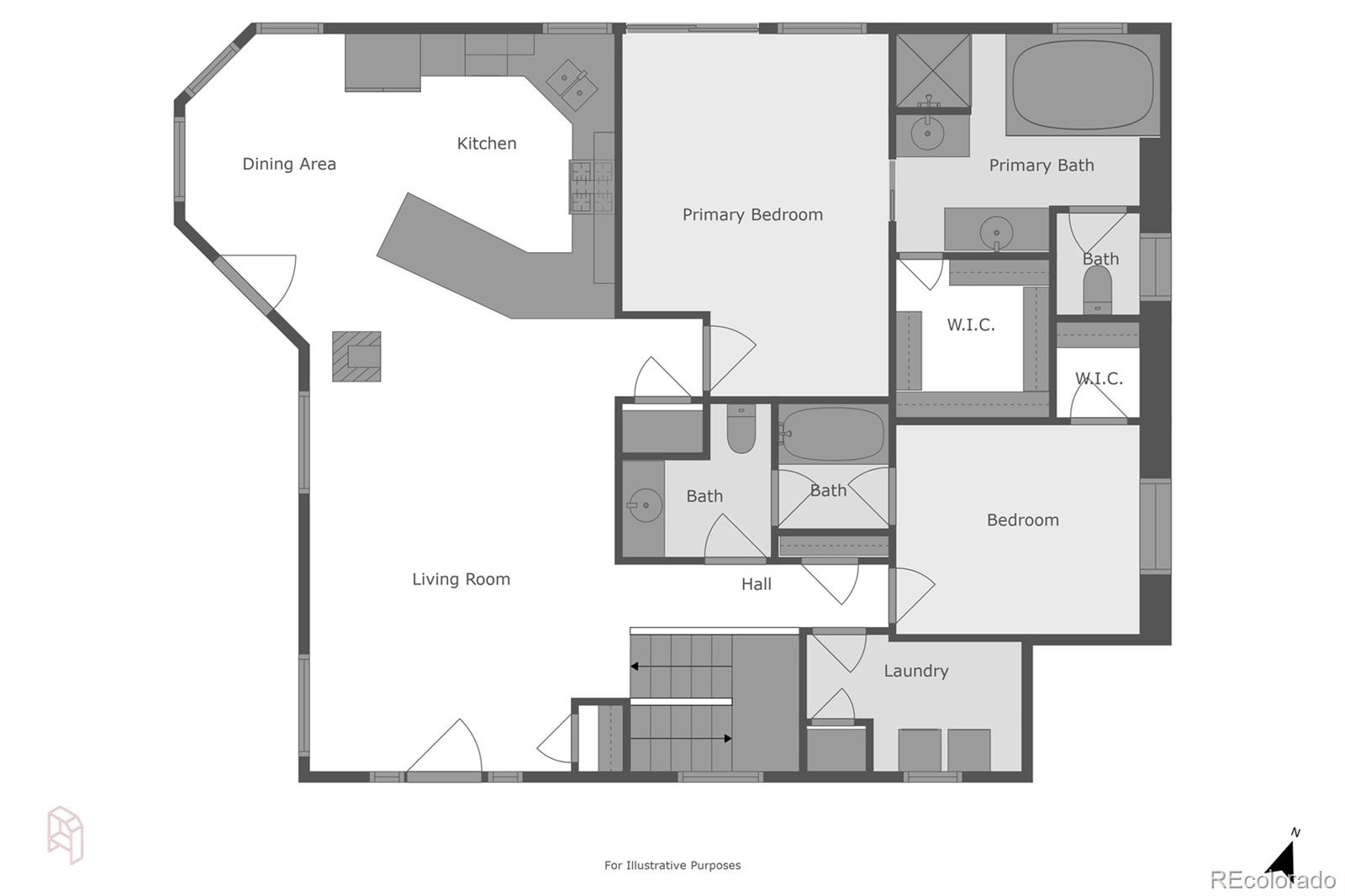 MLS Image #45 for 67  aspen lane,black hawk, Colorado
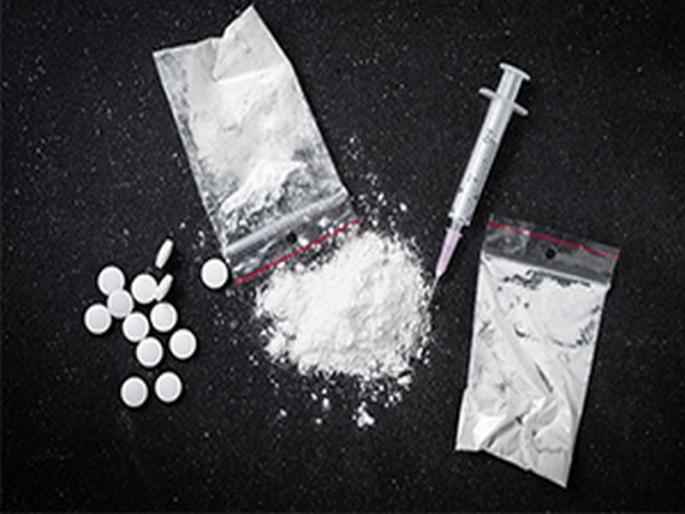 Shocking! The accused took ketamine from the hospital | धक्कादायक! आरोपीने हॉस्पिटलमधूनच घेतले केटामाईन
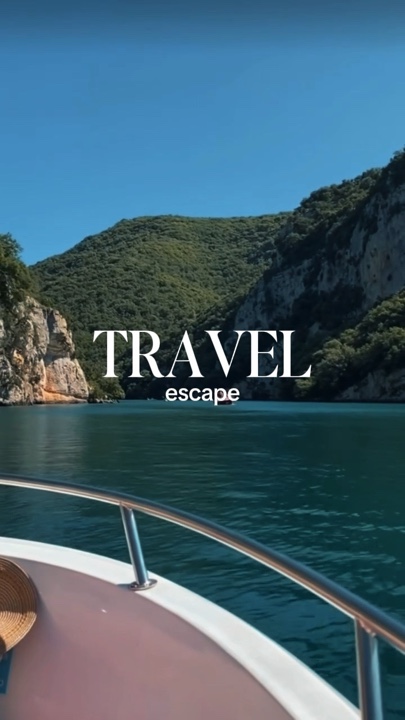 TRAVEL ESCAPE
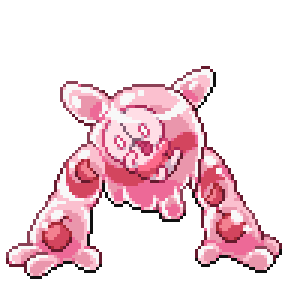 Slurniclus Sprite Image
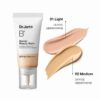 Dr. Jart+ Dermakeup Barrier Beauty Balm
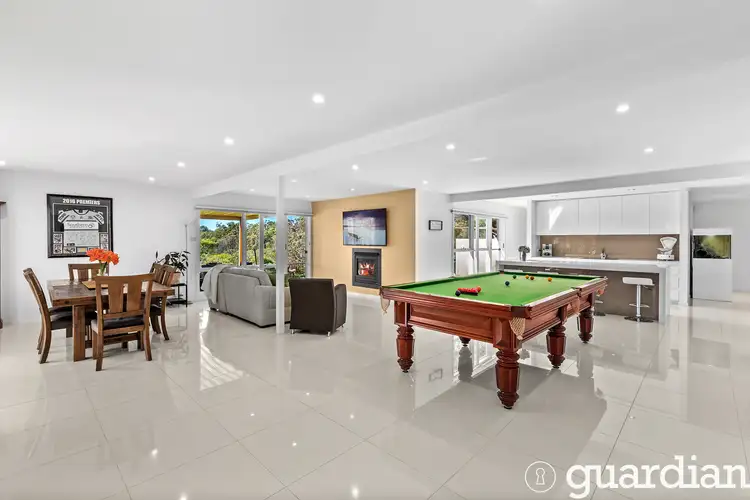 Second view of Homely house listing, 5 Orana Road, Kenthurst NSW 2156
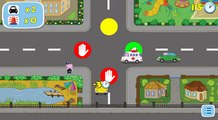 Kids Policeman Station Gameplay Hippo Kids Games apk learning education apps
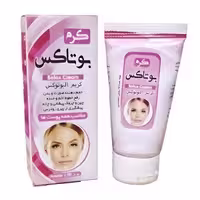 کرم بوتاکس نیکا فدک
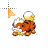 Growlithe - Lick~.ani Preview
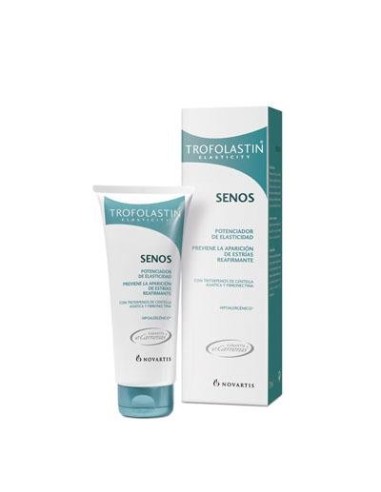 TROFOLASTIN SENOS 75 ML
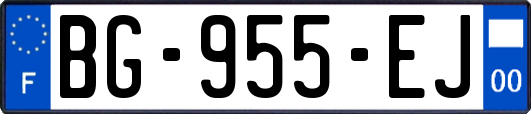 BG-955-EJ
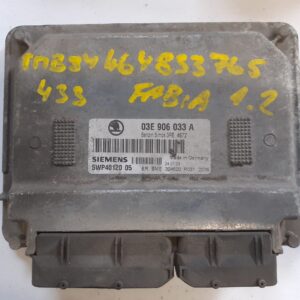 03E 906 033 A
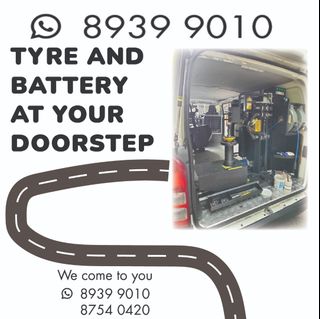 (Category: ) located in . Submitted by rajmobiletyre (Listing ID 1298124249, Image 1). Description: .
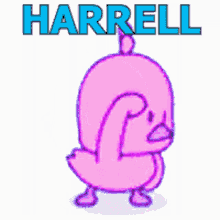 Blaseball Harrell GIF - Blaseball Harrell Harrell Watch GIFs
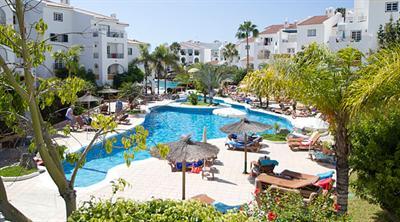 фото отеля Sunset Harbour Club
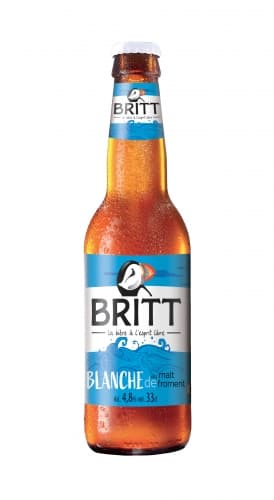 Britt Blanche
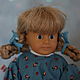 ДЛЯ ПРИМЕРА - Kirsten - Mini American Girl, Интерьерная кукла, Аурора,  Фото №1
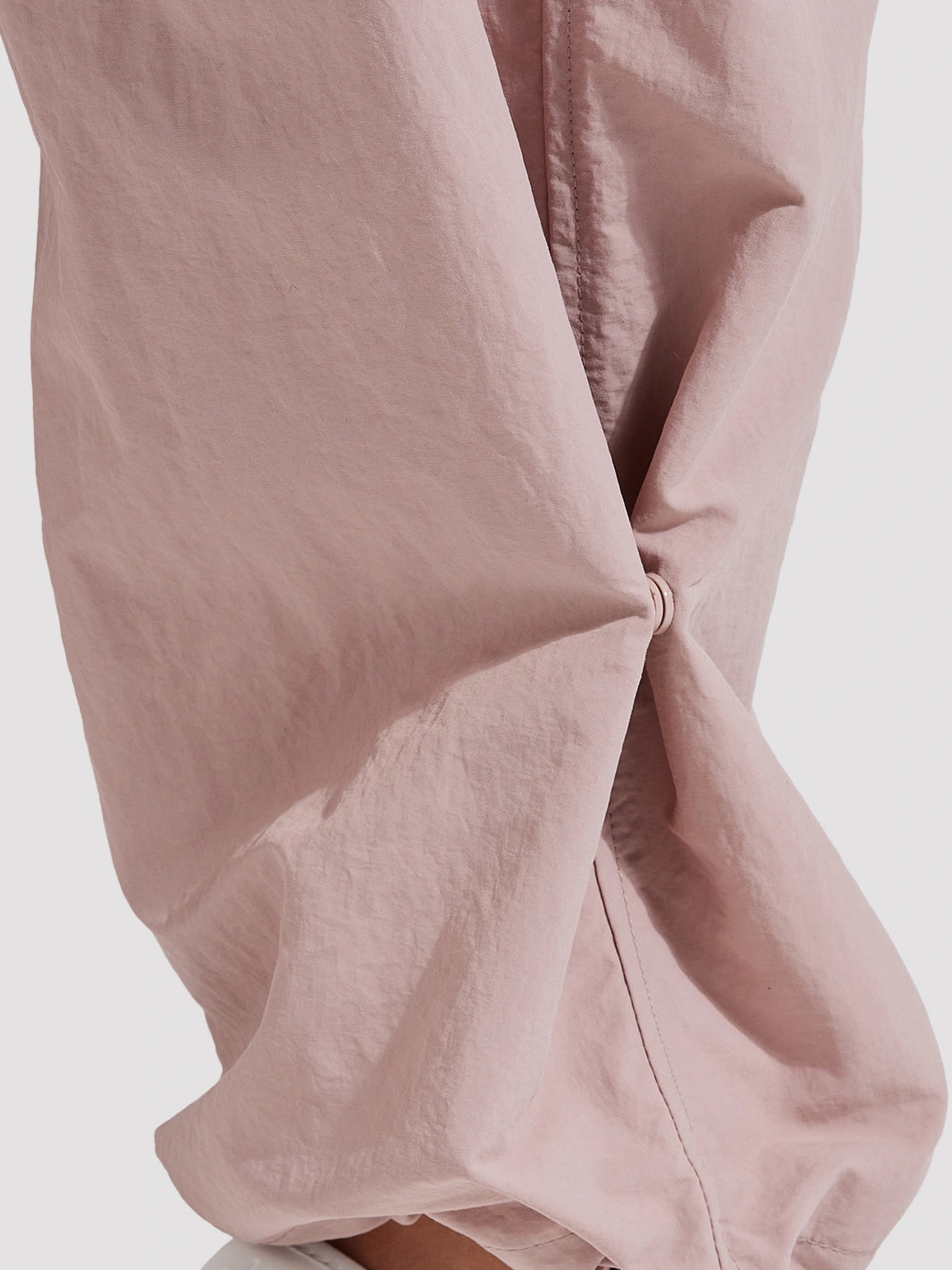Women's Quick-Dry Parachute Cargo Pants PIONEER CAMP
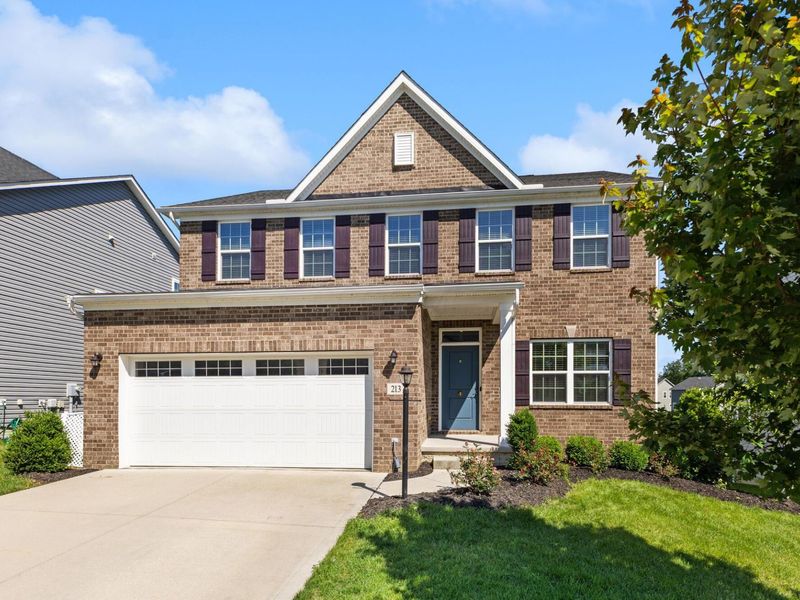 213 Arlington Drive, Pickerington, OH 43147 Photo 3
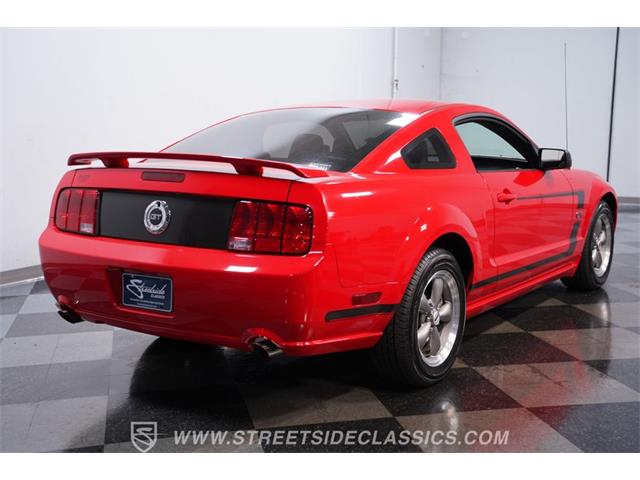 2005 Ford Mustang (CC-2090641) for sale in Lithia Springs, Georgia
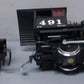 LGB 22194 G Scale Southern Pacific Mogul Steam Engine & Tender W/Sound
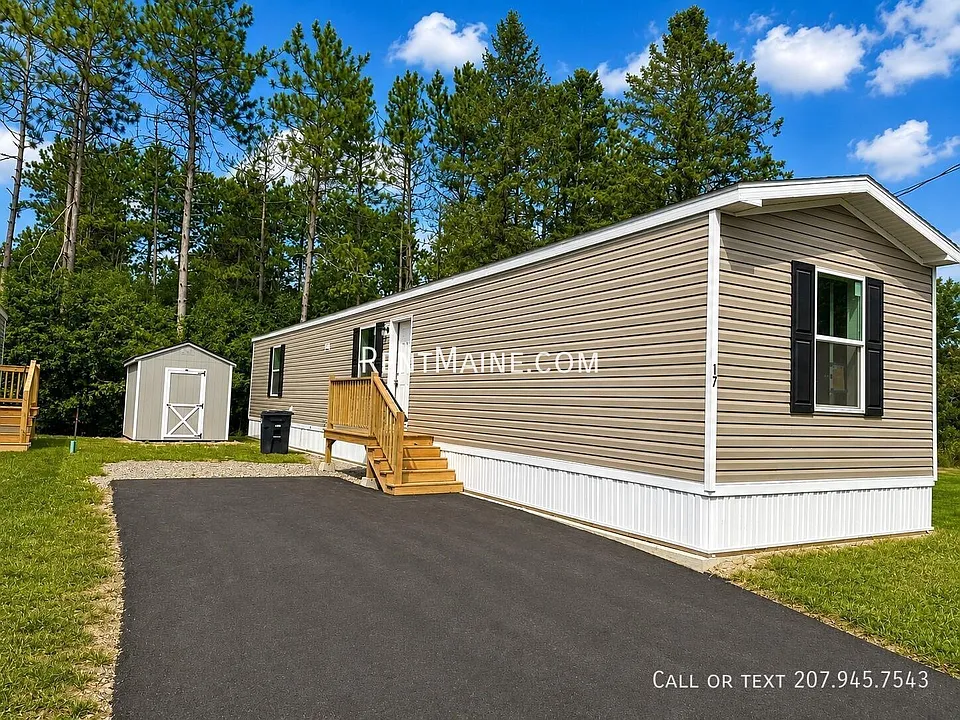 438 Finson Rd #17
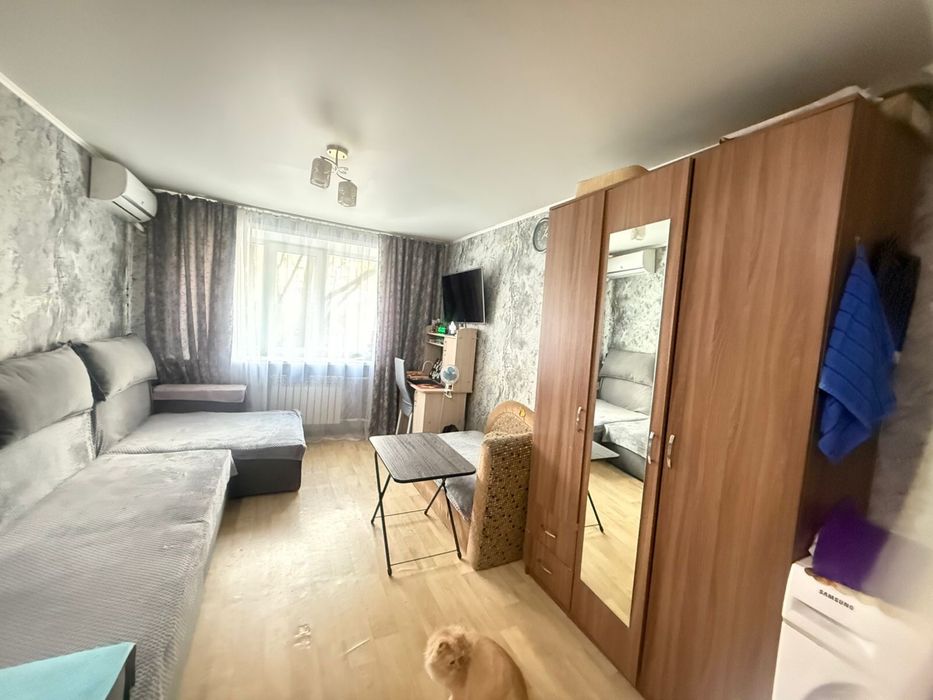 Продам комнату 18 кв.м. Изюминка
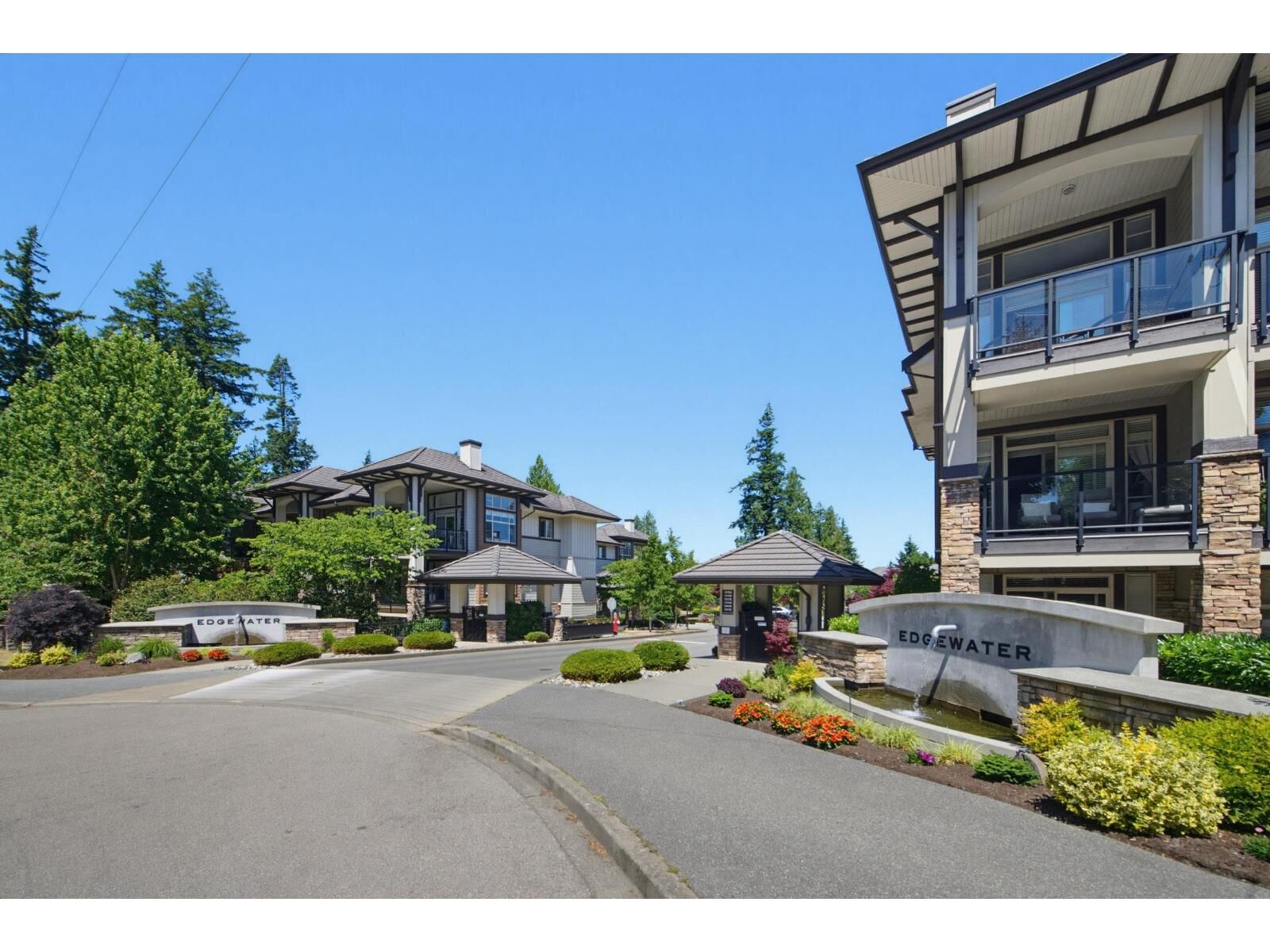 Property Photo:  15155 36 Avenue 107  BC V3Z 4R3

*Work to complete*
What is needed is an exact copy of all the entries above, minus the pictures.

*Answer for this exercise*
 MLS Image #45 for 67  aspen lane,black hawk, Colorado
 Shocking! The accused took ketamine from the hospital | धक्कादायक! आरोपीने हॉस्पिटलमधूनच घेतले केटामाईन
 TRAVEL ESCAPE
 Slurniclus Sprite Image
 Dr. Jart+ Dermakeup Barrier Beauty Balm
 Second view of Homely house listing, 5 Orana Road, Kenthurst NSW 2156
 Kids Policeman Station Gameplay Hippo Kids Games apk learning education apps
 کرم بوتاکس نیکا فدک
 Growlithe - Lick~.ani Preview
 TROFOLASTIN SENOS 75 ML
 BG-955-EJ
 03E 906 033 A
 (Category: ) located in . Submitted by rajmobiletyre (Listing ID 1298124249, Image 1). Description: .
 Blaseball Harrell GIF - Blaseball Harrell Harrell Watch GIFs
 фото отеля Sunset Harbour Club
 Britt Blanche
 ДЛЯ ПРИМЕРА - Kirsten - Mini American Girl, Интерьерная кукла, Аурора,  Фото №1
Women's Quick-Dry Parachute Cargo Pants PIONEER CAMP
 213 Arlington Drive, Pickerington, OH 43147 Photo 3
 2005 Ford Mustang (CC-2090641) for sale in Lithia Springs, Georgia
 LGB 22194 G Scale Southern Pacific Mogul Steam Engine & Tender W/Sound
 438 Finson Rd #17
 Продам комнату 18 кв.м. Изюминка
 Property Photo:  15155 36 Avenue 107  BC V3Z 4R3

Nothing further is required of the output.